The basics of language learning—the naming and vocabulary explosions, fast-mapping, overregularization, extensive practice—apply to every language a young child learns. Young children’s vocabulary in two languages is directly connected to how much they hear. If a child is to become a balanced bilingual, that child needs to hear twice as much talk as usual (Hammer et al., 2011). The same practices can make a child fluently trilingual, as some 5-year-olds are. One parent might talk and read to a child in French, for instance, another in English, while the child plays with Chinese-speaking friends at preschool.

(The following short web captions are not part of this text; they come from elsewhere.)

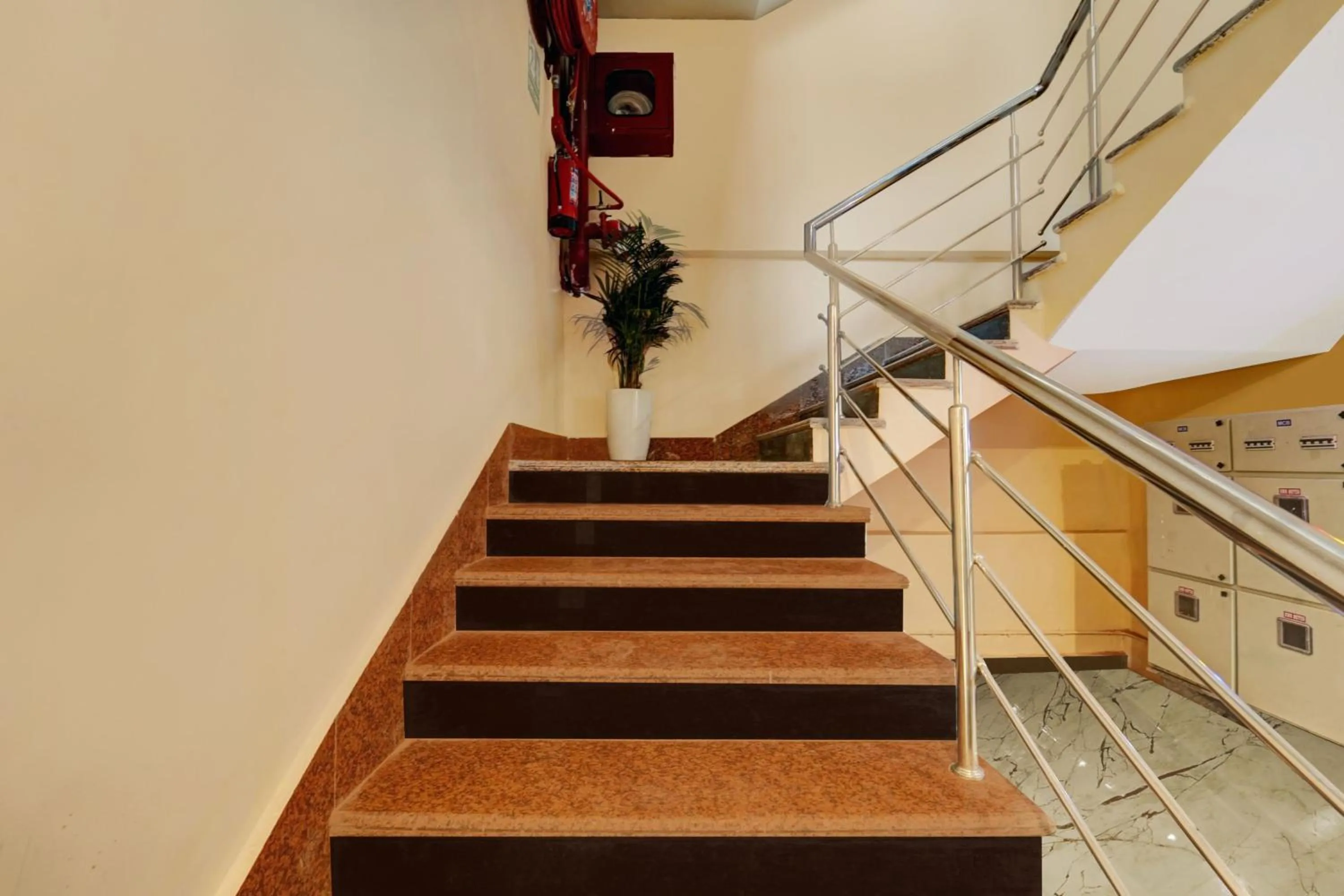 Lobby or reception in Super Townhouse OAK The Dev Regency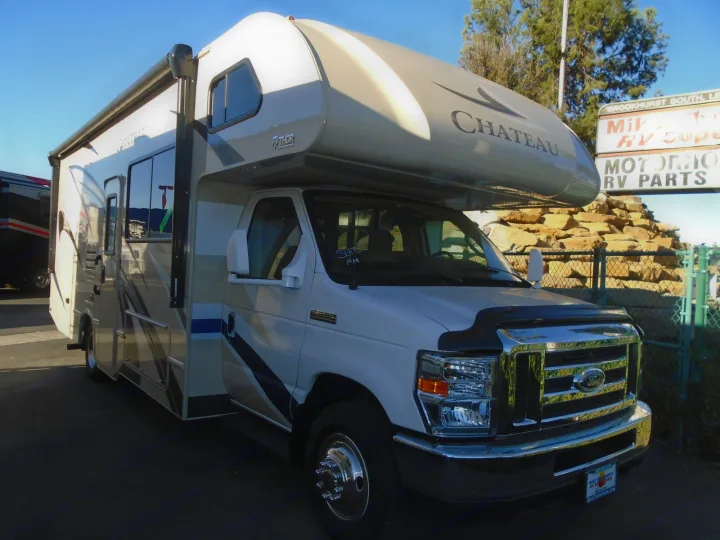 Thor Motor Coach Chateau 2019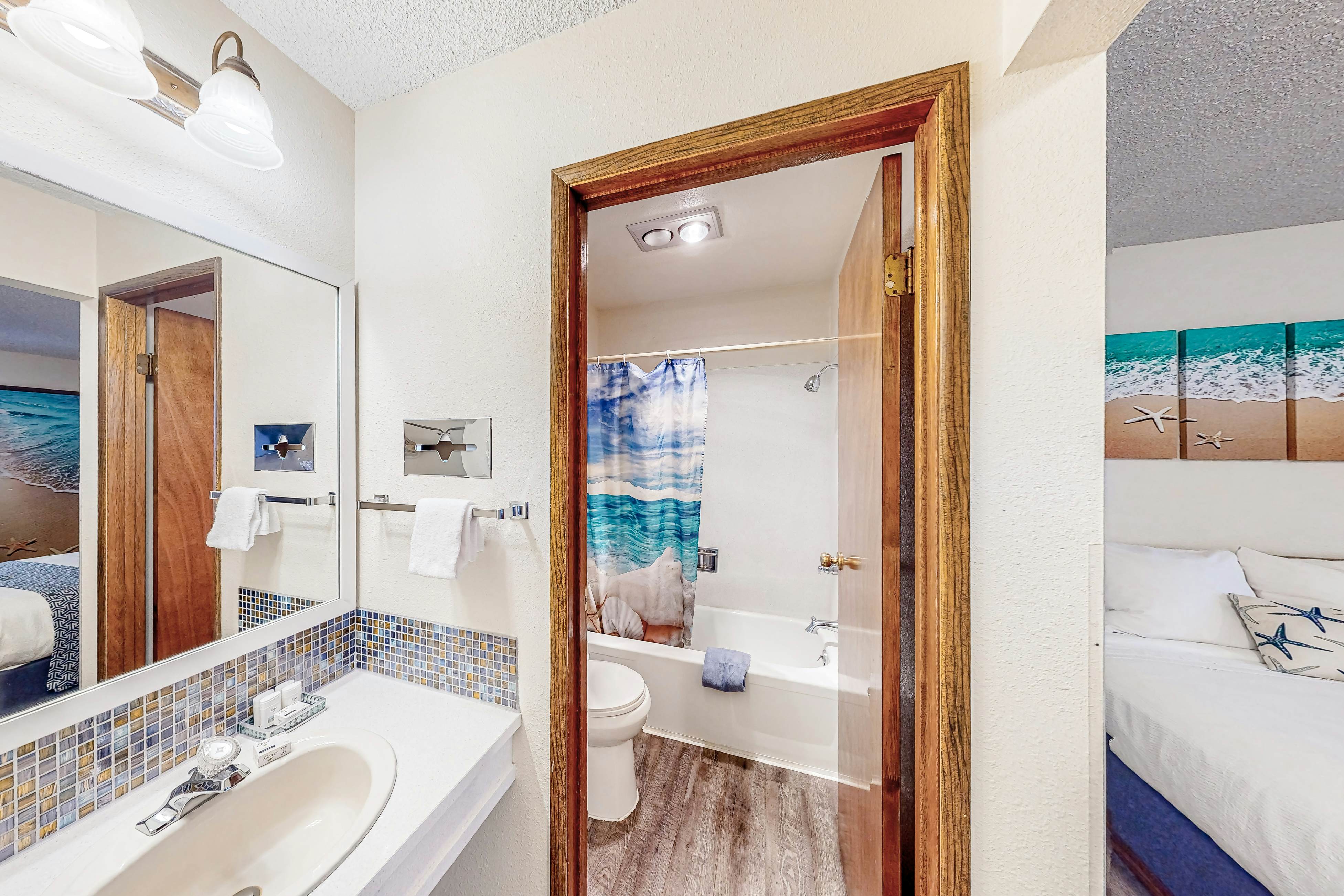 Lamplighter Inn - 106 Starfish Beach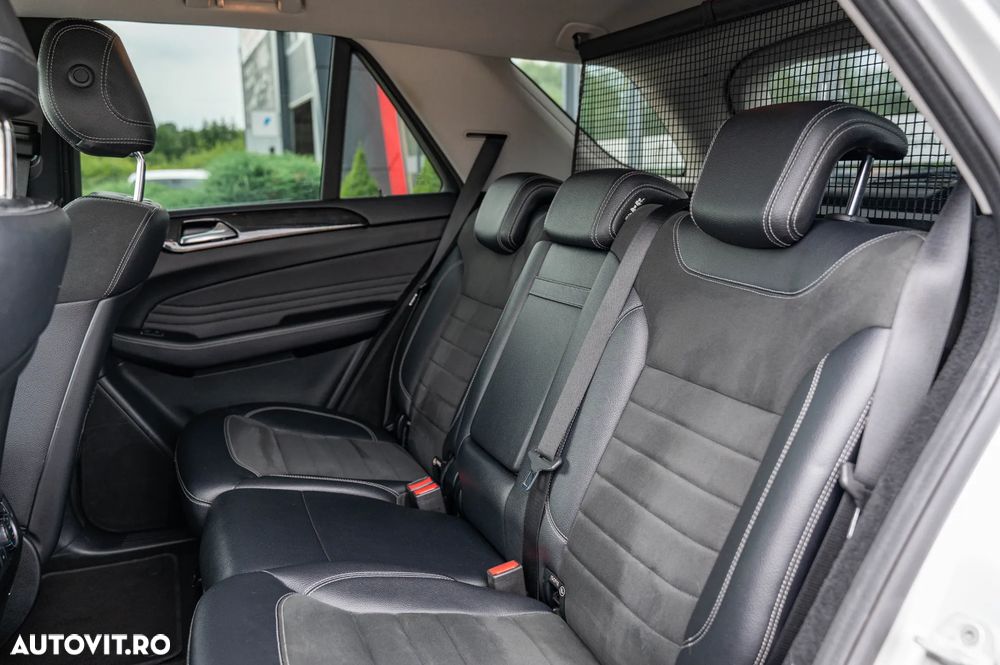 Mercedes-Benz ML 350 BlueTEC 4MATIC 7G-TRONIC - 7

Bilingual children and adults are advanced in theory of mind and executive functioning, probably because they need to be more reflective and strategic when they speak. However, sheer linguistic proficiency does not necessarily lead to cognitive advances (Bialystock & Barac, 2012). Simply learning new words and grammar (many preschools teach songs in a second language) does not guarantee a child will learn to understand and appreciate other cultures.

KEY points

  • Children learn language rapidly during early childhood.
  • Fast-mapping is one way children learn. Errors in precision, overregularization, and mispronunciation are common and are not problematic at this age.
  • Vocabulary advances, particularly if a child is “bathed in language,” hearing many words and concepts.
  • Young children can learn two languages almost as easily as one, if adults talk frequently, listen carefully, and value both languages.